People in Zurich are being driven up the wall and round the bend as part of an unusual scheme to increase traffic awareness.This content was published on June 24, 2003 - 12:45
But what will visitors to the city make of a surreal landscape which features underwater stop signs and segregated "fast-slow" walkways?
Cornelia Schreier of the city's public works department agreed to take swissinfo on a tour of the "Mobile Games" project, taking in some philosophical road signs, meandering green "detours" and manholes covered in word-search puzzles.
"It's all part of the city's ongoing work to create a traffic system suitable for the coming century," Schreier claims, as we pause by a baffling pedestrian crossing.
Painted in the same garish green as all of the project's signs and installations, the crossing stretches over a plain expanse of tarmac before making its way up a nearby wall.
"When we began to redevelop our traffic strategy, we realised that we had to include everybody because traffic patterns ultimately come down to the behaviour of individual humans.
One of the aims of this project is to show people some of the different aspects of traffic and remind them that we all have rights and needs when it comes to our mobility - but we also have obligations."
These obligations are hinted at on many of the bright green signs that have now sprung up around Zurich's tram and bus stops.
"Do you come here often?" asks one, while another goes deeper, pondering whether "the journey is actually the destination?"
Few of the shoppers and tourists making their way down Zurich's fashionable Bahnhofstrasse seem to notice the thin green line which urges them to separate into fast and slow channels.
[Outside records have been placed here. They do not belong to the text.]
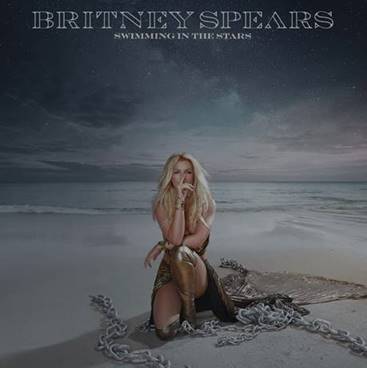 Das Cover der Single „Swimming in the Stars“, auf dem Britney Spears mit Ketten an den Füßen zu sehen ist.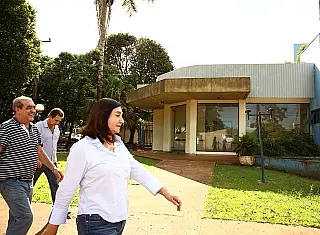 Prefeita responde a Geraldo sobre obras no Centro Homeopático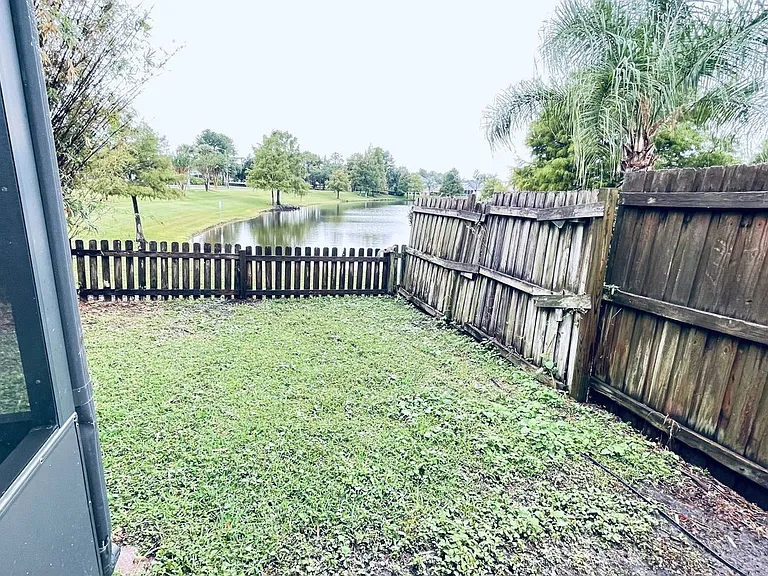 500 Lakescape Ct — Photo 18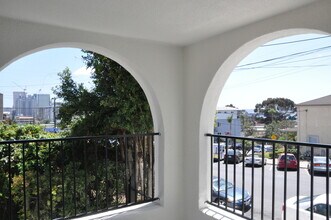 2119-2123 Albatross St in San Diego, CA - Foto de edificio - Building Photo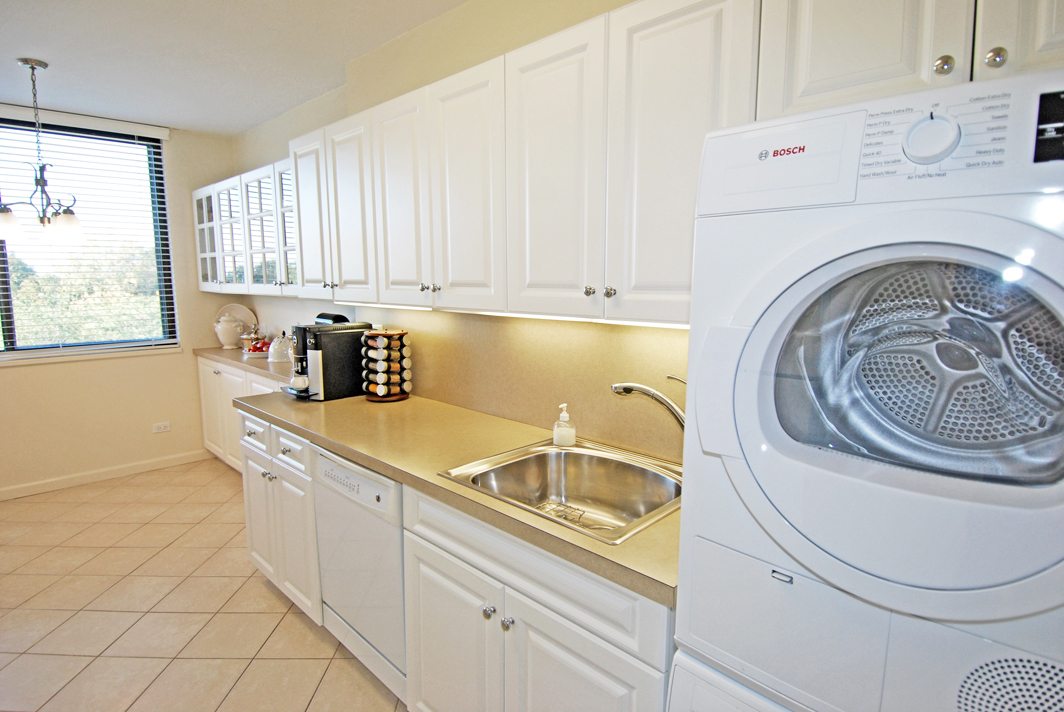 North Shore Towers Apt.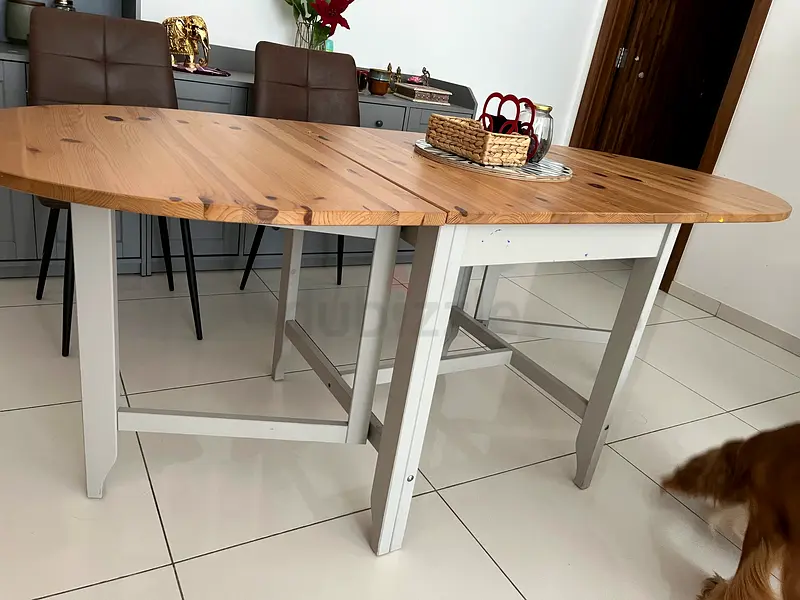 As good as new dining table 6 seater foldable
But around the corner, several locals are raising their eyebrows at a stop sign planted beneath the shimmering surface of the Sihl canal.
The sign is causing some serious congestion among the canal's duck population, but the watching humans seem unsure as to its exact purpose.
"No idea," shrugs one man. "I noticed it as I crossed the bridge, but it doesn't make me think of anything really."
Another passer-by is more impressed, although he appears to have mistaken the stop sign for the work of an avant-garde painter.
"I think the artist is trying to visualise our desire to slow down or even stop the river-like onslaught of traffic," the man suggests. "I think it's a great piece."
Schreier is happy that the signs are at least attracting attention.
"Traditionally, traffic has always been seen as a very serious issue in Zurich," she points out, "with people arguing over the various rights of cyclists or of car drivers.
"Hopefully this project can take some of the edge off that and show people that traffic isn't something that's separate from us or something that's just smelly or loud.
"As well as making people think about their own mobility, it would be great if we could see a greater understanding emerge between the different types of traffic-users."
But isn't there a danger that these unusual road signs could actually increase confusion, and perhaps even cause an accident?
"We were very keen to avoid that," Schreier insists. "That's why we have only used a shade of green that is not used anywhere else on Zurich's traffic signs. And we also had everything approved first by the city police.
"The police have actually been very supportive of the project, although they did stop some of our ideas, including a zebra crossing that would have been painted to actually resemble the patterned hide of a zebra.
"But the police thought that would have been mixing up reality and fiction a little too much."
Zurich's alternative traffic signs can be seen in the city centre until mid-October.